#### [PROBLEM DESCRIPTION]
Print the data below exactly, but only the lines from the one containing "LE COURTS DESA TAMBUN" down to the one containing "613 m² Land available in Clanwilliam", inclusive.

#### [RECORDS PROVIDED]

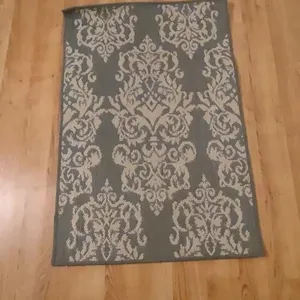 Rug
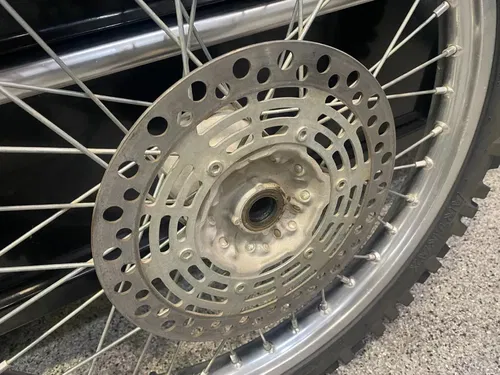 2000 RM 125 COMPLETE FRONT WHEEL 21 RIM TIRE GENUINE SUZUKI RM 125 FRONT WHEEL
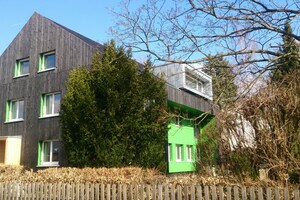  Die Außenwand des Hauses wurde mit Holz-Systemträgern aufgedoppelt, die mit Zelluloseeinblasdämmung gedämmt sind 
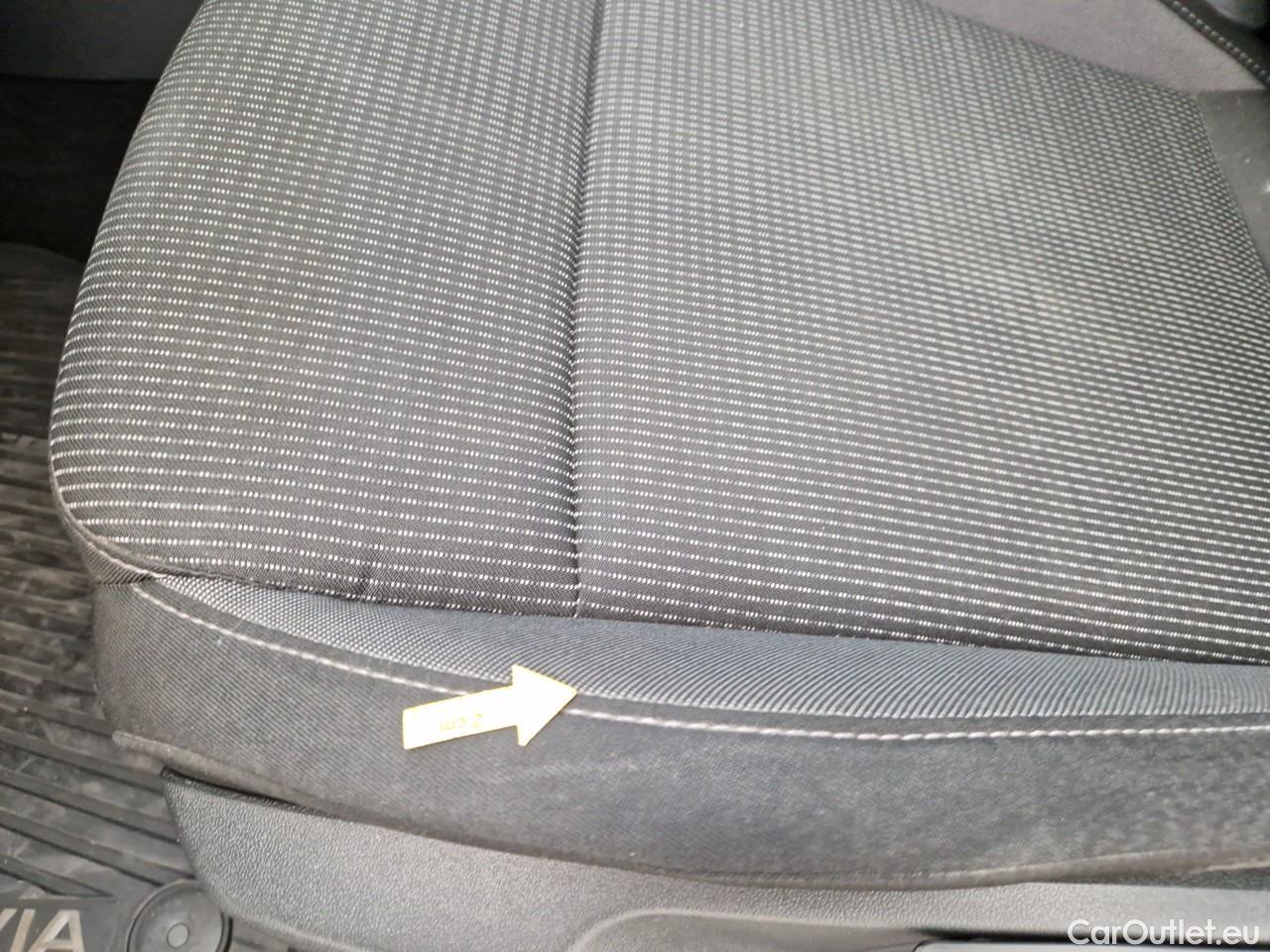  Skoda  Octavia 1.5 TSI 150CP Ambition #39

--

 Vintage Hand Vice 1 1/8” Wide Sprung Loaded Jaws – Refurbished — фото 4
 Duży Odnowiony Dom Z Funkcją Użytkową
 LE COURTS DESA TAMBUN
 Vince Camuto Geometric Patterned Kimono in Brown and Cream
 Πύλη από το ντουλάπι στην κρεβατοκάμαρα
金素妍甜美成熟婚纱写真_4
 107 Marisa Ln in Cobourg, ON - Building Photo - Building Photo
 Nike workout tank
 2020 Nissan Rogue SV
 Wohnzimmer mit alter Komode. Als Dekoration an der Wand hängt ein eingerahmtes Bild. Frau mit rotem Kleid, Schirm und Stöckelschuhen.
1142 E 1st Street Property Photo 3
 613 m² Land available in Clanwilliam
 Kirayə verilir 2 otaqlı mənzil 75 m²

==

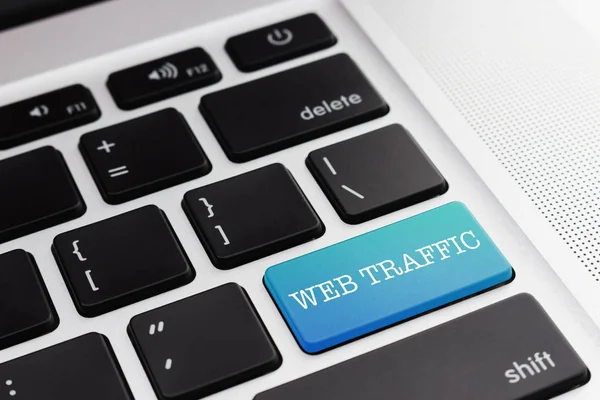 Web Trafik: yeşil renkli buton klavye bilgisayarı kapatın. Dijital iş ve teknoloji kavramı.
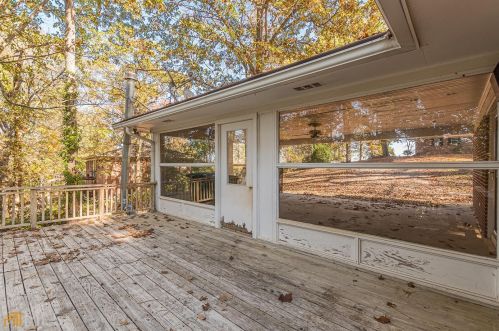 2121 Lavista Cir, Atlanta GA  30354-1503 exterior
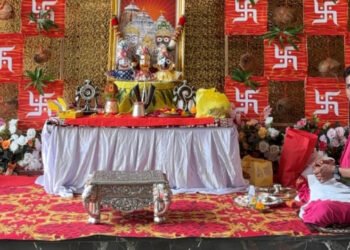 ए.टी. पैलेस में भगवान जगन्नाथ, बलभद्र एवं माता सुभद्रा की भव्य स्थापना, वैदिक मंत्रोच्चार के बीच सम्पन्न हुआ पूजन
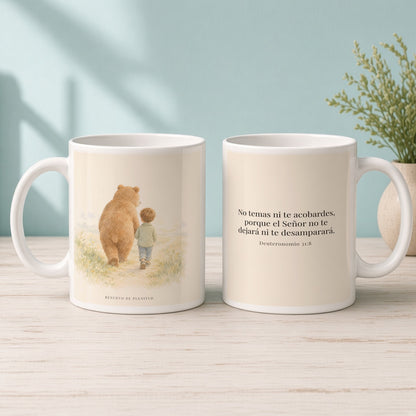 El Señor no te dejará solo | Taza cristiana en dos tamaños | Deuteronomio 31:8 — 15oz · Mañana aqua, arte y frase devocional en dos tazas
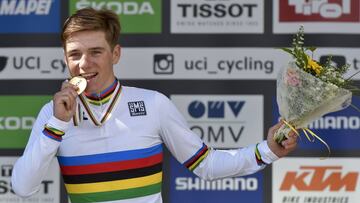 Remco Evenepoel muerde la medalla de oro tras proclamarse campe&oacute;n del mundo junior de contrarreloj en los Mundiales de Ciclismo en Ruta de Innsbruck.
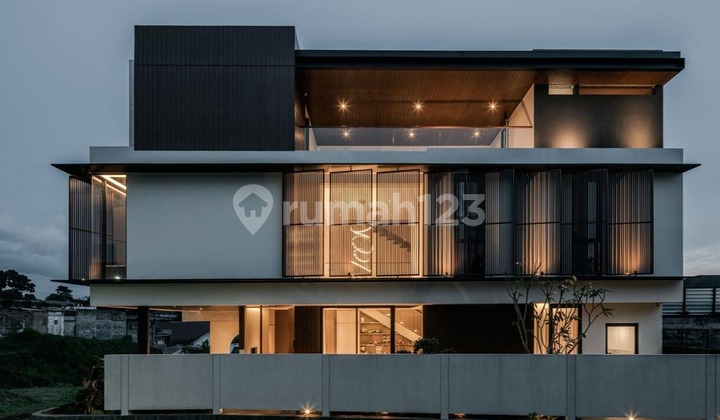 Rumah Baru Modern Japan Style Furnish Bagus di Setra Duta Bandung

#### [ANSWER AREA]
 LE COURTS DESA TAMBUN
 Vince Camuto Geometric Patterned Kimono in Brown and Cream
 Πύλη από το ντουλάπι στην κρεβατοκάμαρα
金素妍甜美成熟婚纱写真_4
 107 Marisa Ln in Cobourg, ON - Building Photo - Building Photo
 Nike workout tank
 2020 Nissan Rogue SV
 Wohnzimmer mit alter Komode. Als Dekoration an der Wand hängt ein eingerahmtes Bild. Frau mit rotem Kleid, Schirm und Stöckelschuhen.
1142 E 1st Street Property Photo 3
 613 m² Land available in Clanwilliam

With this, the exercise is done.